**YOUR TASK:**
Transcribe everything in the listing below exactly, except the pictures.

*** Opening INPUT ***

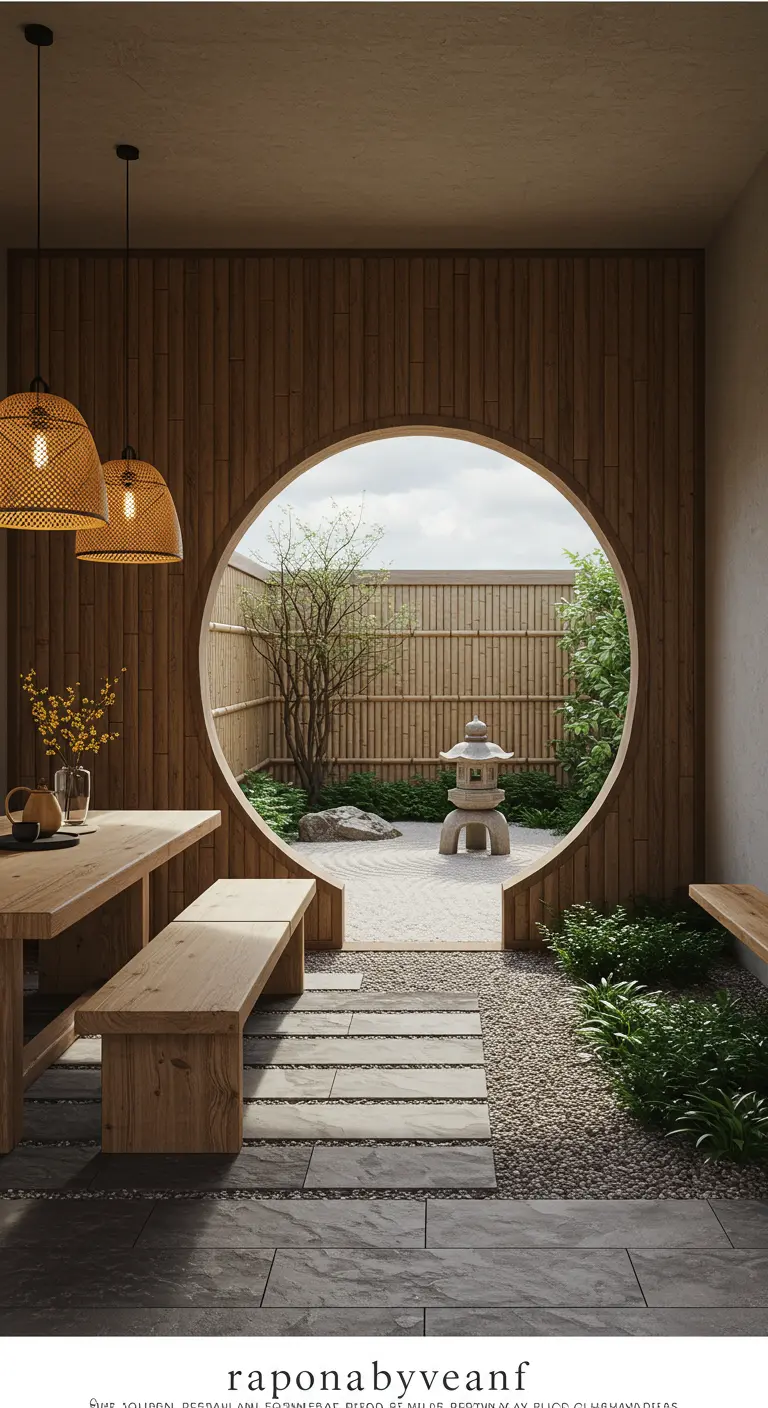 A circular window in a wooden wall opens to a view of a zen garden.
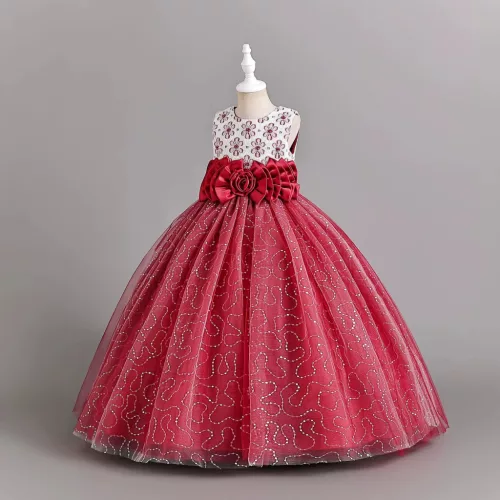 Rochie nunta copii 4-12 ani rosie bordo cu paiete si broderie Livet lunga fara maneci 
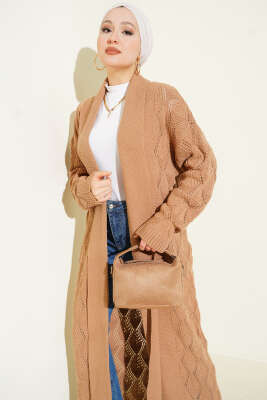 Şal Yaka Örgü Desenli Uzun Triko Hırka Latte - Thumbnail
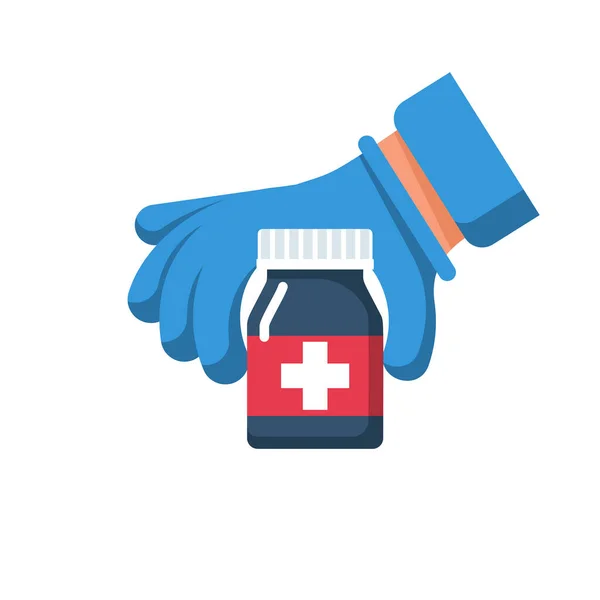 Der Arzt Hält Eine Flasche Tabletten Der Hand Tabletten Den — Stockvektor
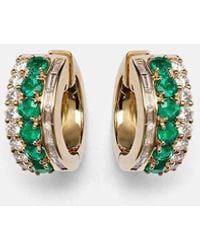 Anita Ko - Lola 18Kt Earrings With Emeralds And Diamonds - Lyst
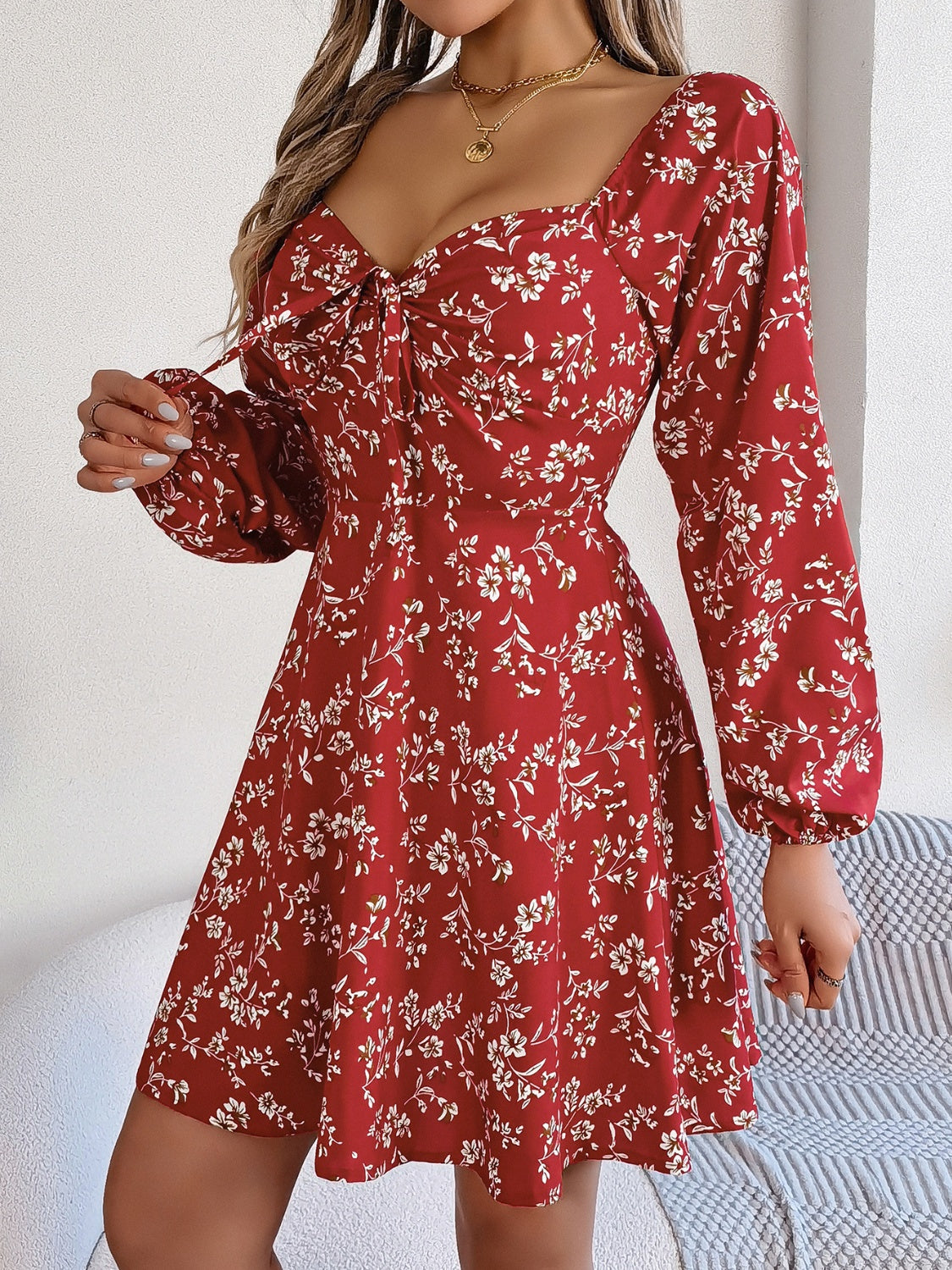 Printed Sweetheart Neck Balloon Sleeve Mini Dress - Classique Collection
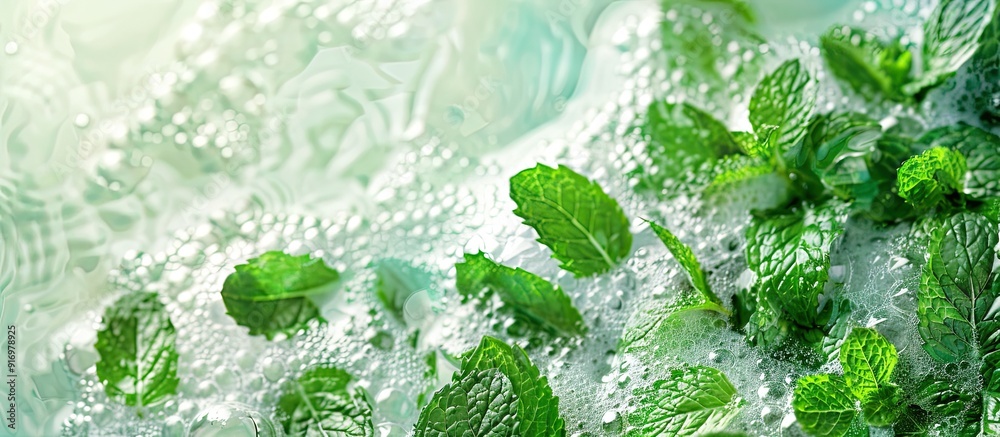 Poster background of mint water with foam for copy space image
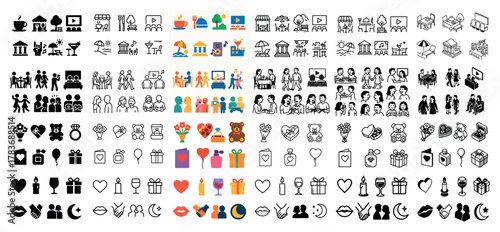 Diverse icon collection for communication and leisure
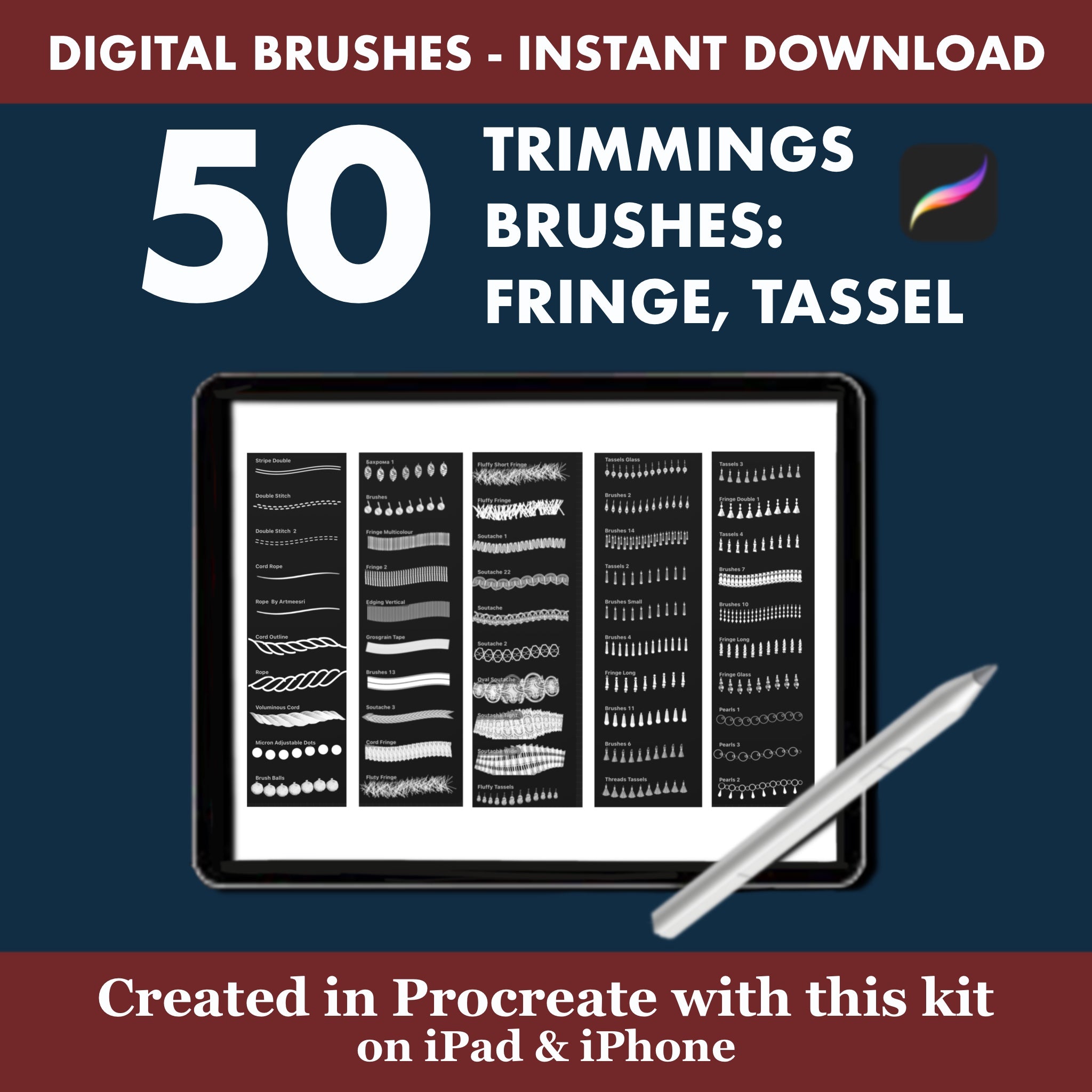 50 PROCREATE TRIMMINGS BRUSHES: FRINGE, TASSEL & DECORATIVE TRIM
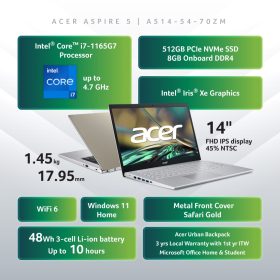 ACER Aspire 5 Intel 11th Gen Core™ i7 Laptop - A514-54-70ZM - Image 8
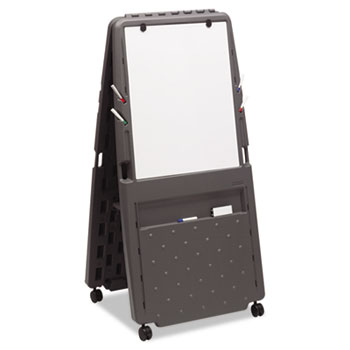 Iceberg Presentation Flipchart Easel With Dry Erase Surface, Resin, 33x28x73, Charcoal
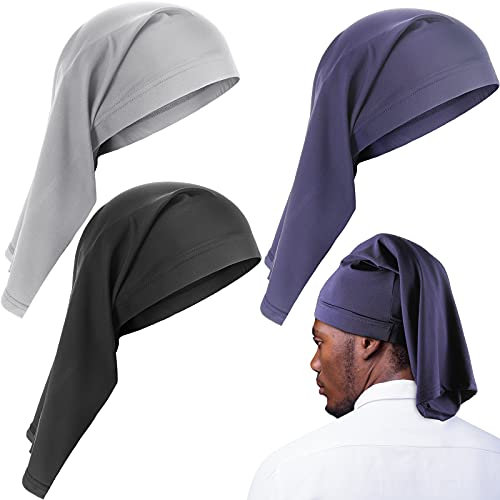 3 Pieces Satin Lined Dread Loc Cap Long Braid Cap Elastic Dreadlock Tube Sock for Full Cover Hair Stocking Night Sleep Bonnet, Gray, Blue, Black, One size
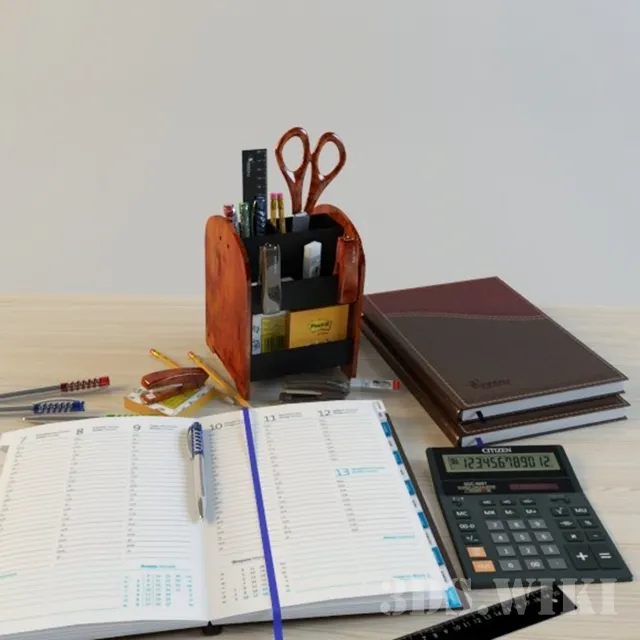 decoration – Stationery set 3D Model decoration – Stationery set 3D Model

*** Closing INPUT ***

**WRITTEN SOLUTION:**
 A circular window in a wooden wall opens to a view of a zen garden.
 Rochie nunta copii 4-12 ani rosie bordo cu paiete si broderie Livet lunga fara maneci 
 Şal Yaka Örgü Desenli Uzun Triko Hırka Latte - Thumbnail
 Der Arzt Hält Eine Flasche Tabletten Der Hand Tabletten Den — Stockvektor
 Anita Ko - Lola 18Kt Earrings With Emeralds And Diamonds - Lyst
 Printed Sweetheart Neck Balloon Sleeve Mini Dress - Classique Collection
 Poster background of mint water with foam for copy space image
 Diverse icon collection for communication and leisure
 50 PROCREATE TRIMMINGS BRUSHES: FRINGE, TASSEL & DECORATIVE TRIM
 ACER Aspire 5 Intel 11th Gen Core™ i7 Laptop - A514-54-70ZM - Image 8
 Iceberg Presentation Flipchart Easel With Dry Erase Surface, Resin, 33x28x73, Charcoal
 3 Pieces Satin Lined Dread Loc Cap Long Braid Cap Elastic Dreadlock Tube Sock for Full Cover Hair Stocking Night Sleep Bonnet, Gray, Blue, Black, One size
 decoration – Stationery set 3D Model decoration – Stationery set 3D Model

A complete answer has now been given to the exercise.